Brief =>
With pictures omitted, transcribe exactly the lines from the one containing "Замена блока питания" to the end of the records below.

Provided data =>
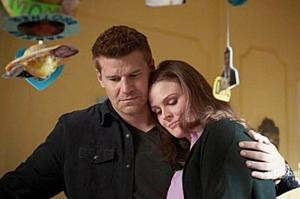 Slideshow Best 'Bones' Quotes from 'The Past in the Present'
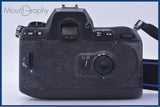 難あり ニコン Nikon F100 同梱無料 #am9262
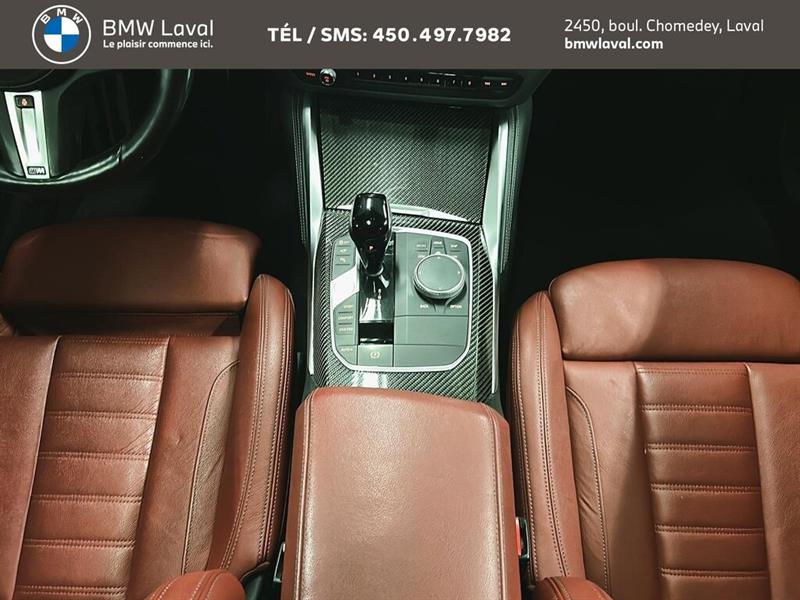 bmw 4 Series 2022 - 20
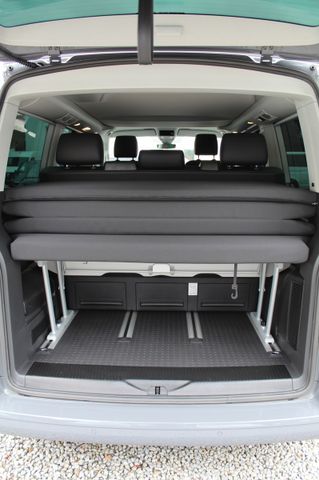 Volkswagen T6.1 California Beach Edition 150PS DSG 4Motion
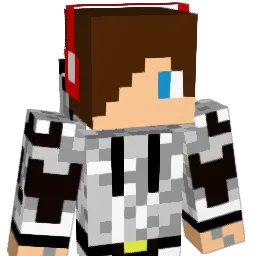 bfox1's Minecraft skin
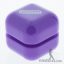 purple candy dice counterweight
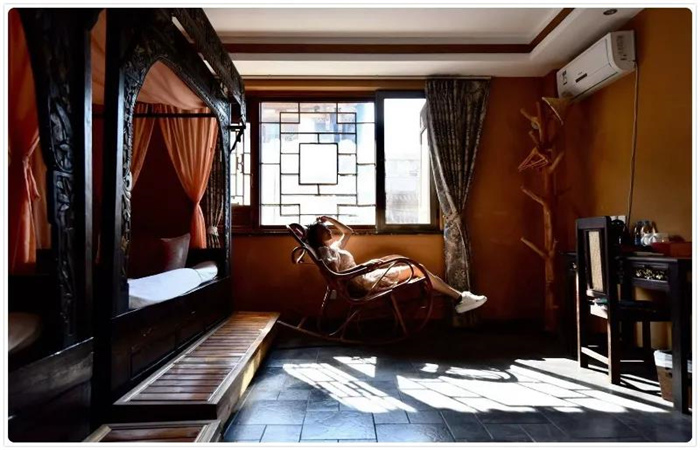 途涂客棧 途涂客棧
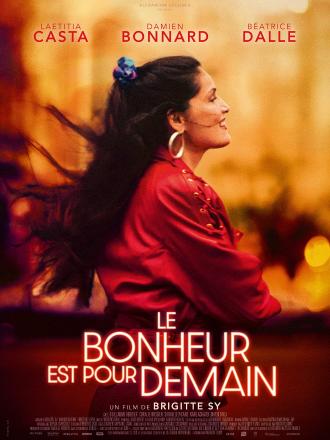 LE BONHEUR EST POUR DEMAIN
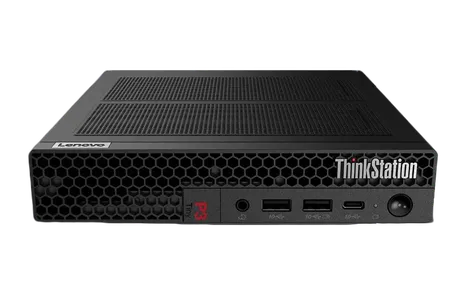 Замена блока питания Lenovo P3 Tiny (30H0002YRU)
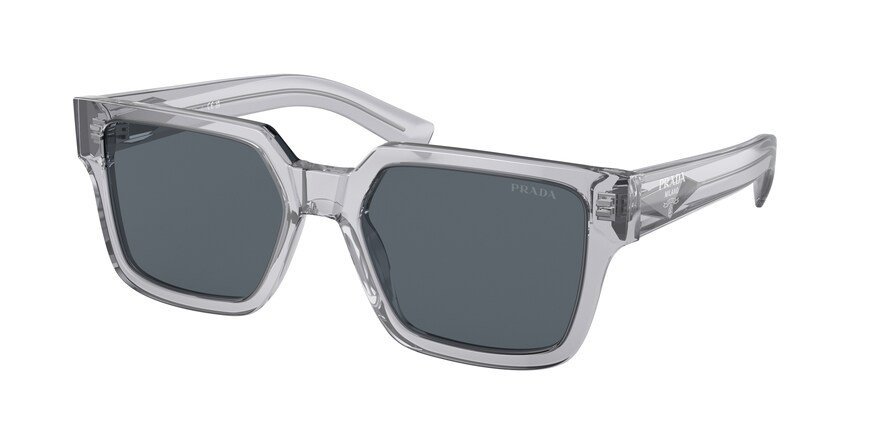 OKULARY PRADA EYEWEAR PR 03ZS U430A9 54 ROZMIAR M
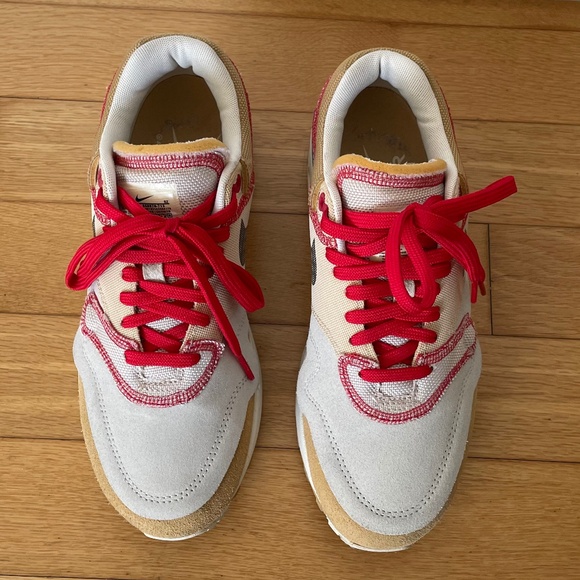 Nike Air Max 1 'Inside Out' 858876-713 - Picture 2 of 10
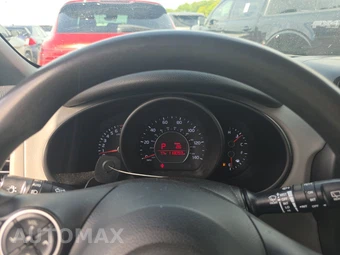 2017 Kia Soul + – miniatura 12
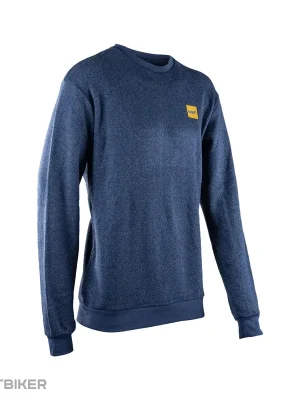Přímo Od Výrobce Leatt Tech svetr, denim blue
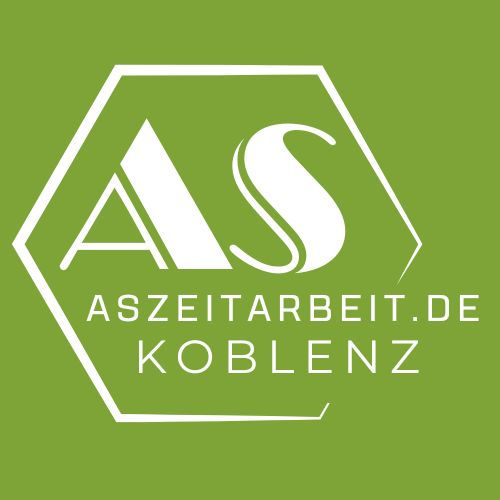 AS gGmbH AS-Gemeinnützige Arbeitnehmer-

Answer to the problem =>
 Замена блока питания Lenovo P3 Tiny (30H0002YRU)
 OKULARY PRADA EYEWEAR PR 03ZS U430A9 54 ROZMIAR M
 Nike Air Max 1 'Inside Out' 858876-713 - Picture 2 of 10
 2017 Kia Soul + – miniatura 12
Přímo Od Výrobce Leatt Tech svetr, denim blue
 AS gGmbH AS-Gemeinnützige Arbeitnehmer-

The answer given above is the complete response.